The next day there is an hour long “clap out” ceremony – where the parents and the entire elementary school claps and cheers as the fifth graders proudly walk through the halls. Then there is a school picnic, a party in a local park, a pool party, and three birthday parties for good friends which require thoughtful presents.
And all of this is only for one of my two children.
I also have to return school books to the high school my son transferred from and retrieve a trumpet, get the pediatrician to fill out camp health forms, search frantically to find a last-minute camp for a week that isn’t filled and buy a teacher’s gift.
Professionally, I have multiple deadlines, a couple of lunch meetings and several conference calls.
Welcome to the end of school and the beginning of summer, probably the hardest time of the year for working and stay-at-home moms. While the dads come to most events, and some help more than others, for the most part we moms are the drivers, schedulers, organizers, finders of missing items one second before walking out the door, and huggers of children who at some point will realize they will not see their friends every day for the next two and a half months. I’d compare it to a roller coaster ride but it’s really more like a full-blown tornado.
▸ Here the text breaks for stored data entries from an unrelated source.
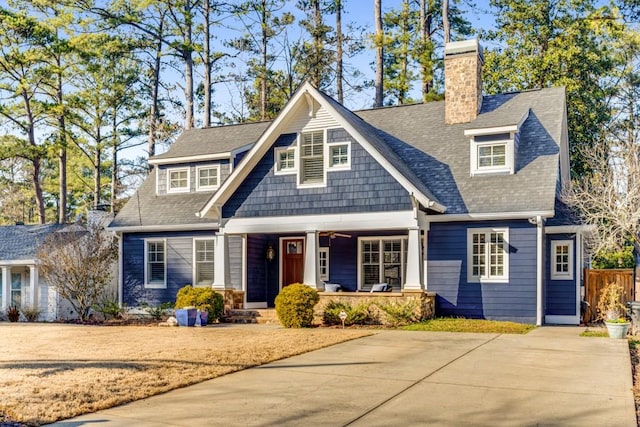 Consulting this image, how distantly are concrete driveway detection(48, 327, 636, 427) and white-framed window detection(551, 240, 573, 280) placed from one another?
5.55 meters

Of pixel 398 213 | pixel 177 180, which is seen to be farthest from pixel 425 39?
pixel 398 213

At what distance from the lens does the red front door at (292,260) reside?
1947 cm

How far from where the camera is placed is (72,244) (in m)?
19.7

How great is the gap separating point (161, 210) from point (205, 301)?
5.12 metres

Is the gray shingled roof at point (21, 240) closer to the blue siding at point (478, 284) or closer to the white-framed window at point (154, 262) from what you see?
the white-framed window at point (154, 262)

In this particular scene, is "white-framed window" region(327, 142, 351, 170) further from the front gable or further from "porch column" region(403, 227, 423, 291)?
"porch column" region(403, 227, 423, 291)

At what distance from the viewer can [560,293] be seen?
→ 16469 millimetres

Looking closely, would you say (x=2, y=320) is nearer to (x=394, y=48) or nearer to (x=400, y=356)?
(x=400, y=356)

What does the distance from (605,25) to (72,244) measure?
2272 centimetres

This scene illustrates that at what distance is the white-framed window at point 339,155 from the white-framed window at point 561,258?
590cm

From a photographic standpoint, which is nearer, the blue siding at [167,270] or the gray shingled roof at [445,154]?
the gray shingled roof at [445,154]

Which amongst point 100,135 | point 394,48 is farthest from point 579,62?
point 100,135

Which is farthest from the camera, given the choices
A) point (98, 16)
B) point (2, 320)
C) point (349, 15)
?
point (349, 15)

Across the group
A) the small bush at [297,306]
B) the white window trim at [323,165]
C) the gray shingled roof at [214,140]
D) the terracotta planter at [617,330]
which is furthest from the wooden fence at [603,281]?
the gray shingled roof at [214,140] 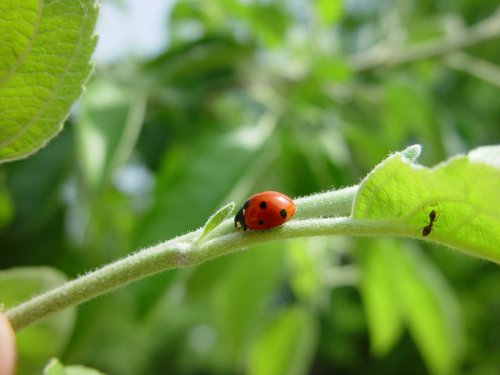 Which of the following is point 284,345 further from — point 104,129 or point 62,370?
point 62,370

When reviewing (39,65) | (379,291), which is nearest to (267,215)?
(39,65)

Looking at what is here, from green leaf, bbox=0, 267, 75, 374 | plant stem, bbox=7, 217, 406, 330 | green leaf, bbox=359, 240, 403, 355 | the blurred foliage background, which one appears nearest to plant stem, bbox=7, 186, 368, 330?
plant stem, bbox=7, 217, 406, 330

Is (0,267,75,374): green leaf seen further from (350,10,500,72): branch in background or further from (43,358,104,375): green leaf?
(350,10,500,72): branch in background

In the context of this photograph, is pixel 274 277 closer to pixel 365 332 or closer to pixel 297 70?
pixel 297 70

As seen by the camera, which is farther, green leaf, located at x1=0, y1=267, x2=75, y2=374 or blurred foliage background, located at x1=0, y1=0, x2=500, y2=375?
blurred foliage background, located at x1=0, y1=0, x2=500, y2=375

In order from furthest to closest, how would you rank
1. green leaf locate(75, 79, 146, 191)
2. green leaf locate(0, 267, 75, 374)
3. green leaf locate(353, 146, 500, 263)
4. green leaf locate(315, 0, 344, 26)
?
green leaf locate(315, 0, 344, 26) < green leaf locate(75, 79, 146, 191) < green leaf locate(0, 267, 75, 374) < green leaf locate(353, 146, 500, 263)

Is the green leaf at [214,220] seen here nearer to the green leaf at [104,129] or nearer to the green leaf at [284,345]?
the green leaf at [104,129] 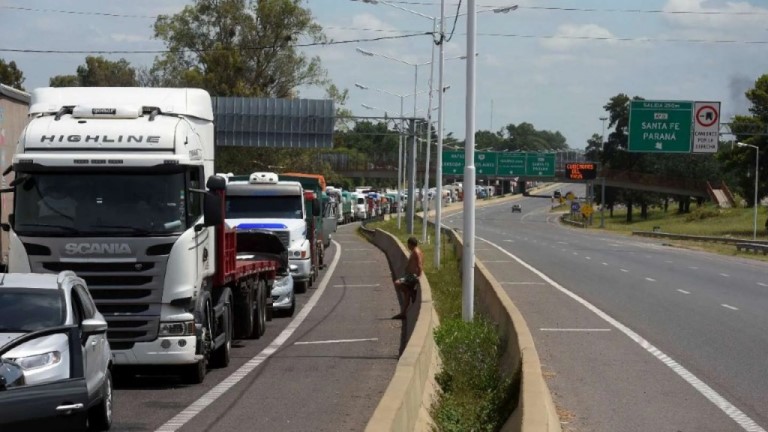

I have screamed twice – once alone at the house and once at my kids who are incapable of not dumping everything they walk in the house with onto the living room floor. Yoga helps – if I can find the time to do it.
When I finished fifth grade, I got on the bus with my friends, went to someone’s house and we rode our bikes around the neighborhood and squirted each other with a hose.
When did the end of the school year become so complicated?
We’ve all read about overscheduled children but what about overscheduled parents? What about overscheduled end-of-the-year activities? Why does everything your child does have to be celebrated in a way that requires parental attendance? Don’t get me wrong, I adore my children and would do anything for them. But enough is enough.
Even if we try to keep after school activities to a minimum — to one or two activities per child — they still have to get there and get home. Throw an entire other layer of obligations on top of that and a corporate executive would crack under pressure.
I should be able to give some salient advice to other parents about this end of school time, since my kids are a bit older and I have plenty of practice. But whatever I say is going to end up sounding like every parenting article you’ve ever read.
So instead, I will tell you what a parent whose kids are in college said to me the other day about coping with the end-of-the-school-year madness.
She said, “You don’t have to always say yes.” And that, although we may feel guilty about following it, is great advice.